What you should do – Only the lines from the one with "Sunvega Dark Brown" to the end of the data below should be given again, exactly, with both ends included and pictures omitted.

(Material for this task begins)

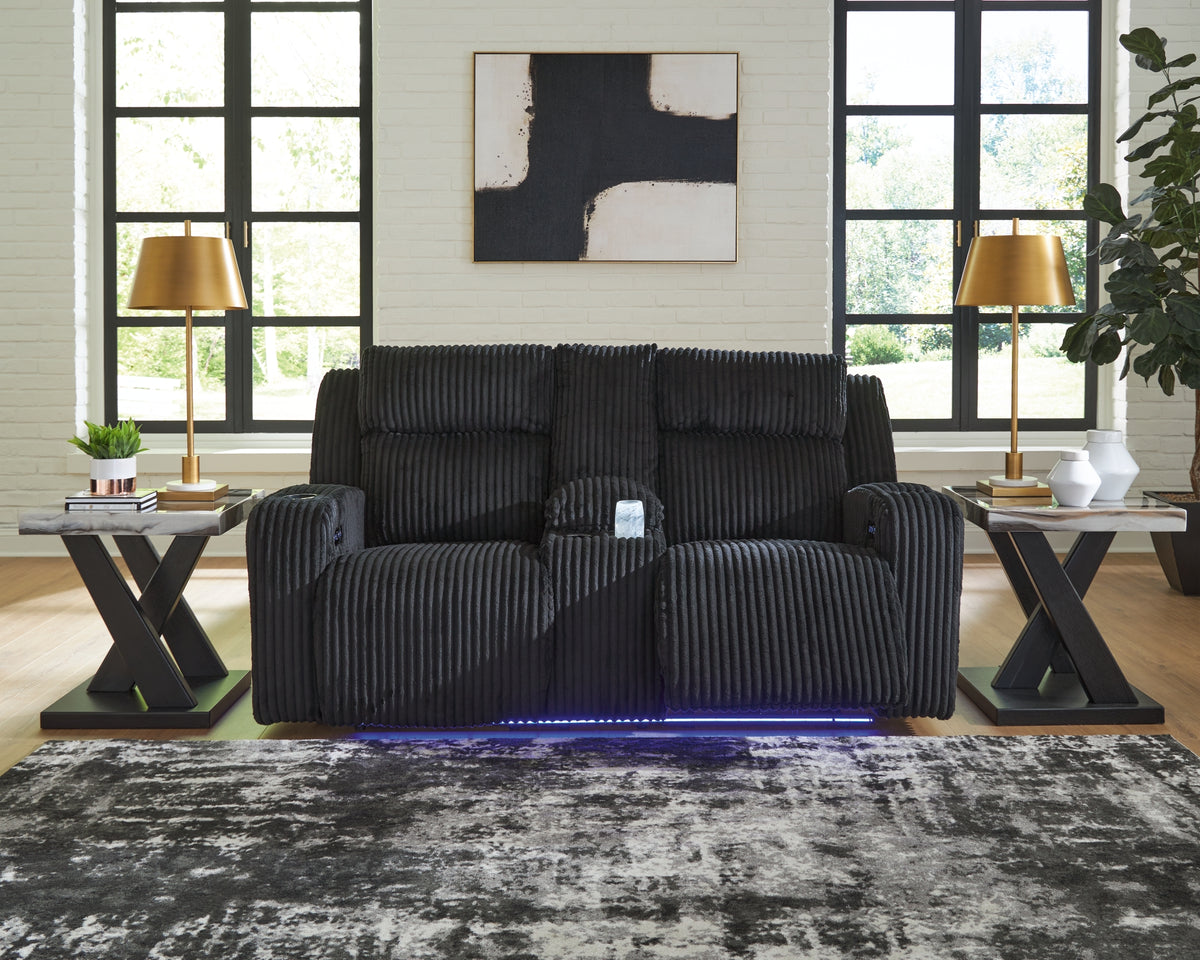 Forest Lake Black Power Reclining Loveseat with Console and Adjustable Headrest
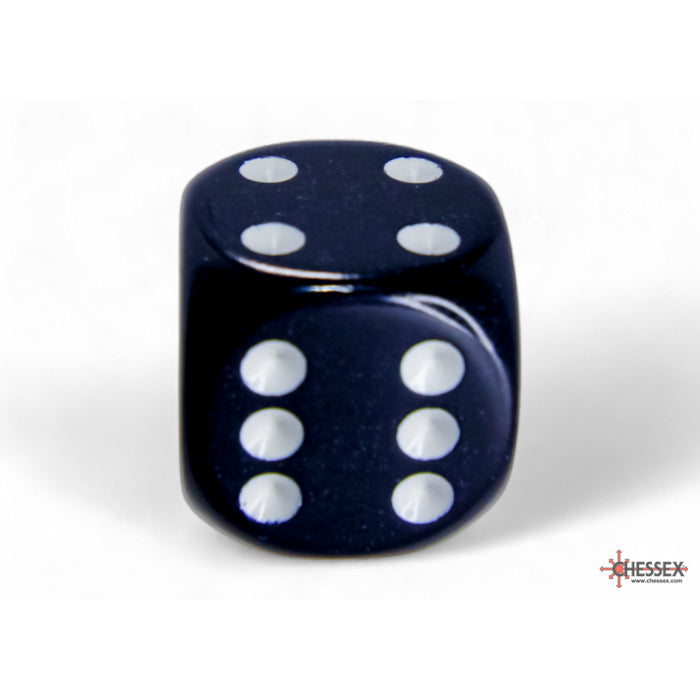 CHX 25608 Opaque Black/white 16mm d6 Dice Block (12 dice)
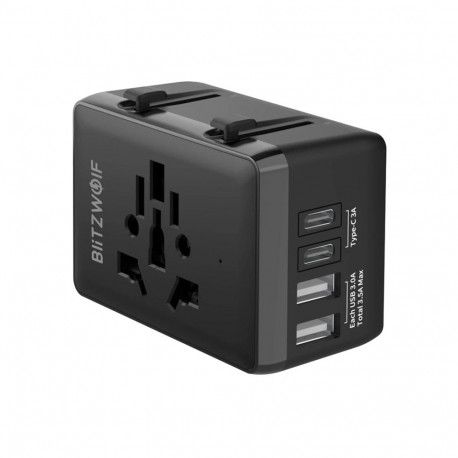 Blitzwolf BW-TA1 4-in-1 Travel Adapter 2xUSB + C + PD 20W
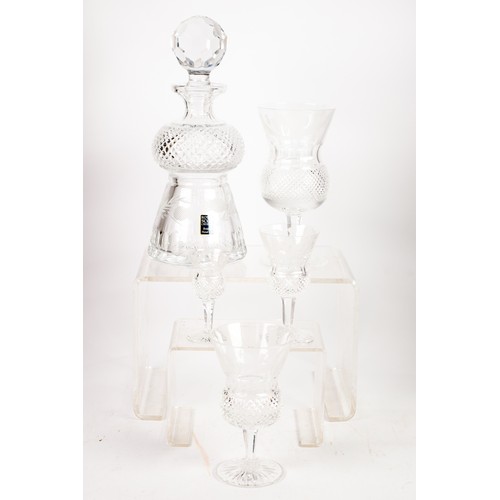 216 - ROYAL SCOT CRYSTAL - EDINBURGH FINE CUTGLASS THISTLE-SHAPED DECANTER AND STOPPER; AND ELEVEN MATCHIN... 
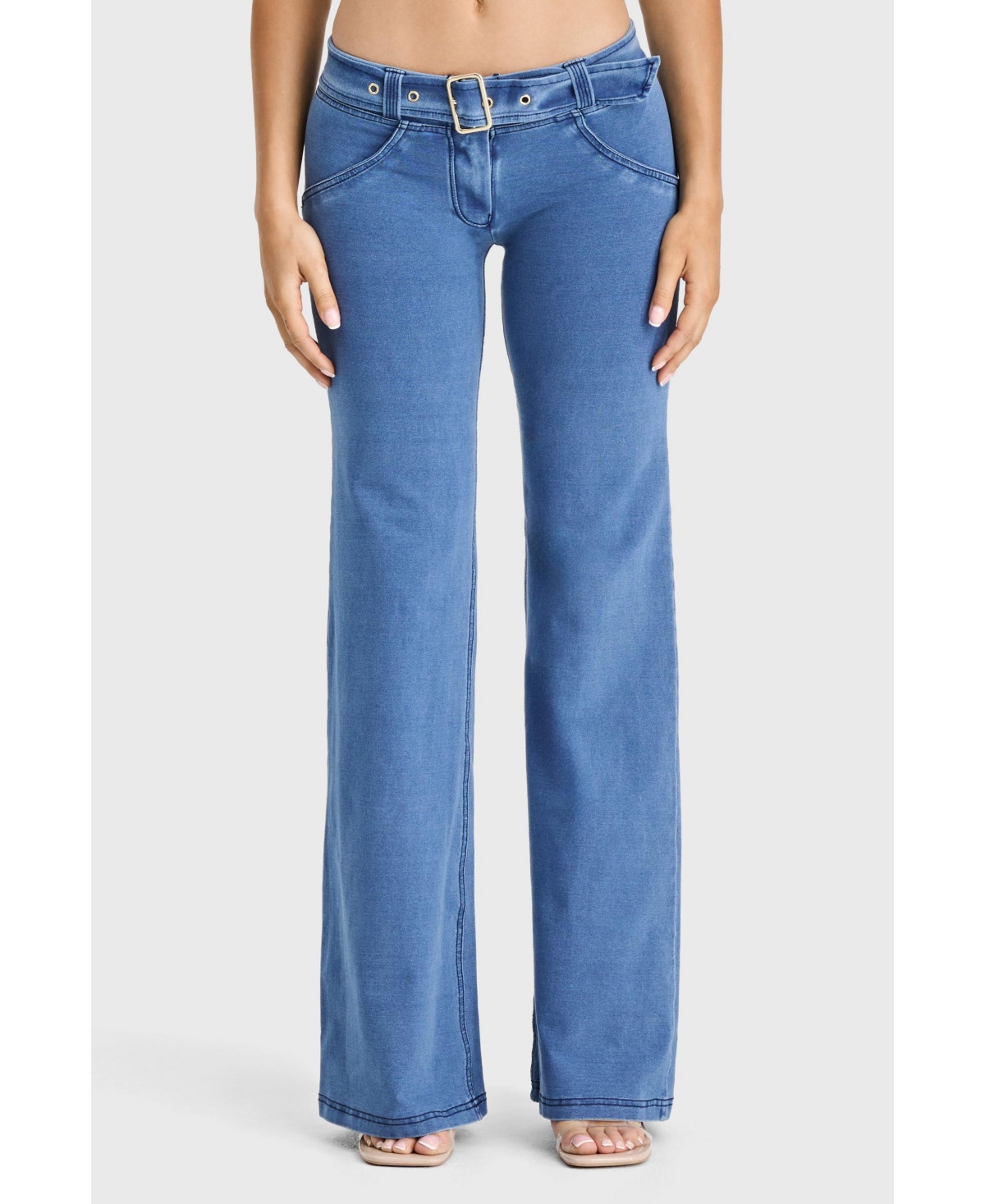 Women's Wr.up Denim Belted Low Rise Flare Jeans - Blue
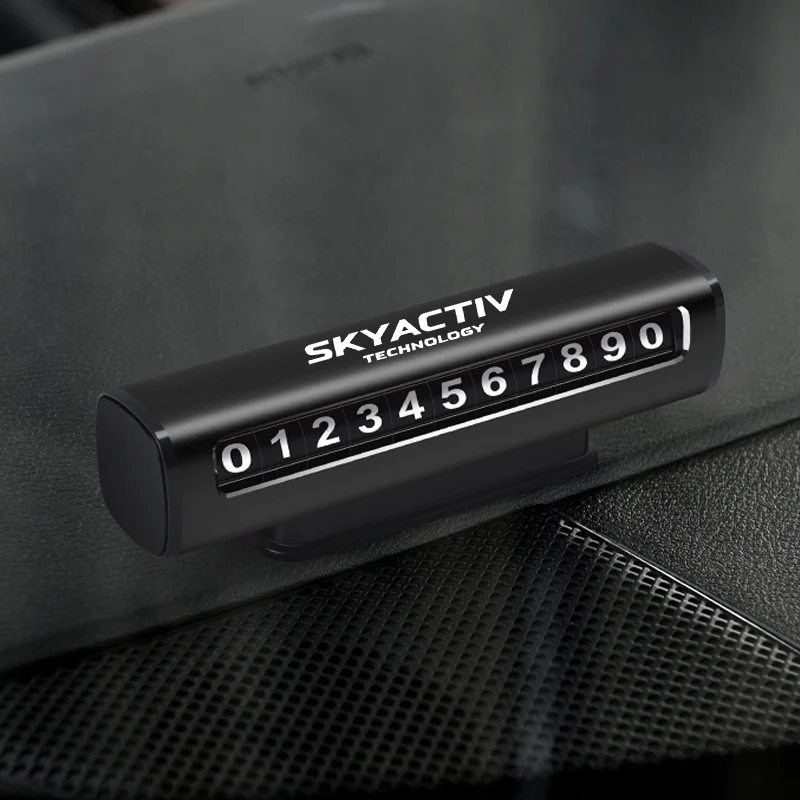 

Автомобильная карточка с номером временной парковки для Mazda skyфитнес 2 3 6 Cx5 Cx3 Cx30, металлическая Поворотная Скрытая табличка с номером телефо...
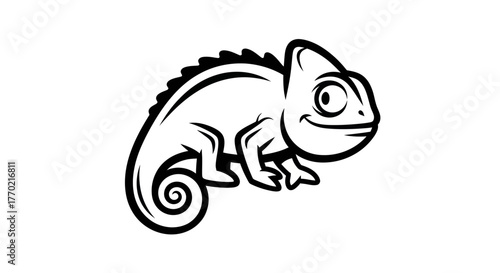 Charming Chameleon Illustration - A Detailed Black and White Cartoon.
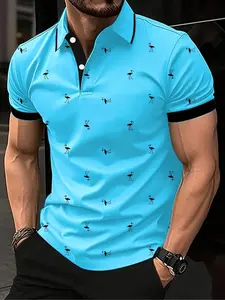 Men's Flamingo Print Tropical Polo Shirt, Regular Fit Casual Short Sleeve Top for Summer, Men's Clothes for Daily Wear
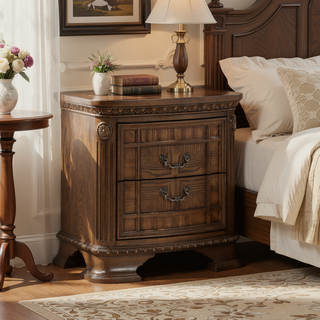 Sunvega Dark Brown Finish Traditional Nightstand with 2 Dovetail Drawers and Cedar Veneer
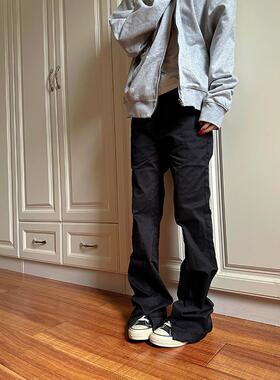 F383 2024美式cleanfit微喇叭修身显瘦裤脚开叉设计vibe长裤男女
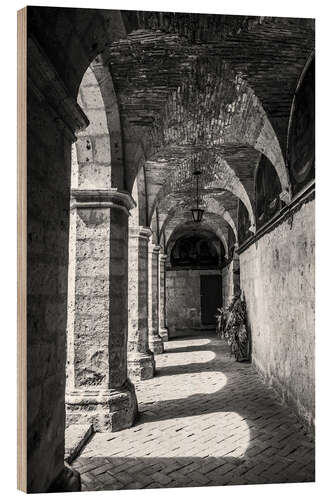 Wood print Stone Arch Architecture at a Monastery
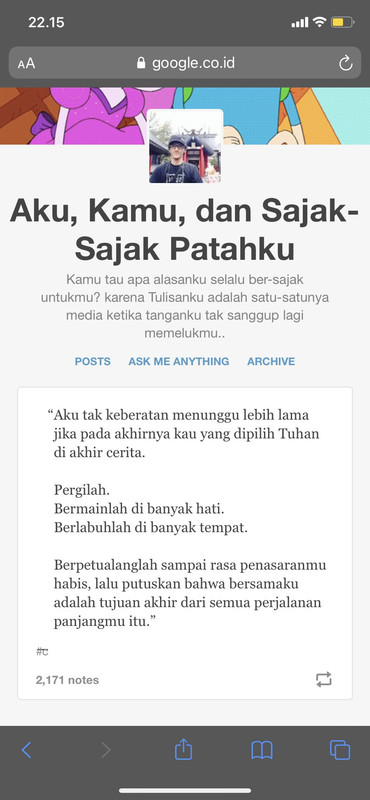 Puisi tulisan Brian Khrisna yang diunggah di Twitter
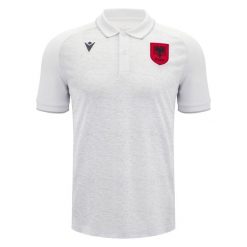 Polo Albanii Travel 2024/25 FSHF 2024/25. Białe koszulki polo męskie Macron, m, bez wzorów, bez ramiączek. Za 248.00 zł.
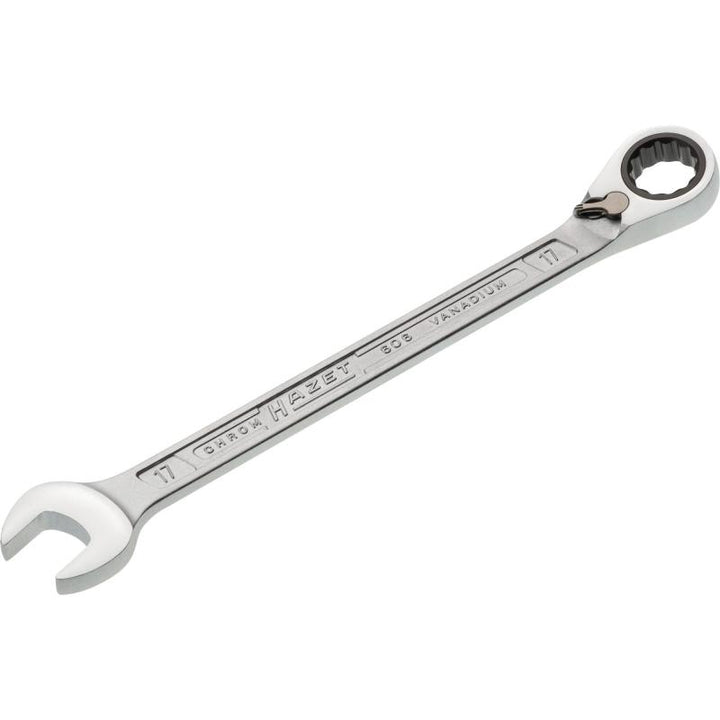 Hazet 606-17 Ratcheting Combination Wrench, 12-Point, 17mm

(Material for this task ends)

Solved problem –
 Sunvega Dark Brown Finish Traditional Nightstand with 2 Dovetail Drawers and Cedar Veneer
 F383 2024美式cleanfit微喇叭修身显瘦裤脚开叉设计vibe长裤男女
 Wood print Stone Arch Architecture at a Monastery
 Puisi tulisan Brian Khrisna yang diunggah di Twitter
 Polo Albanii Travel 2024/25 FSHF 2024/25. Białe koszulki polo męskie Macron, m, bez wzorów, bez ramiączek. Za 248.00 zł.
 Hazet 606-17 Ratcheting Combination Wrench, 12-Point, 17mm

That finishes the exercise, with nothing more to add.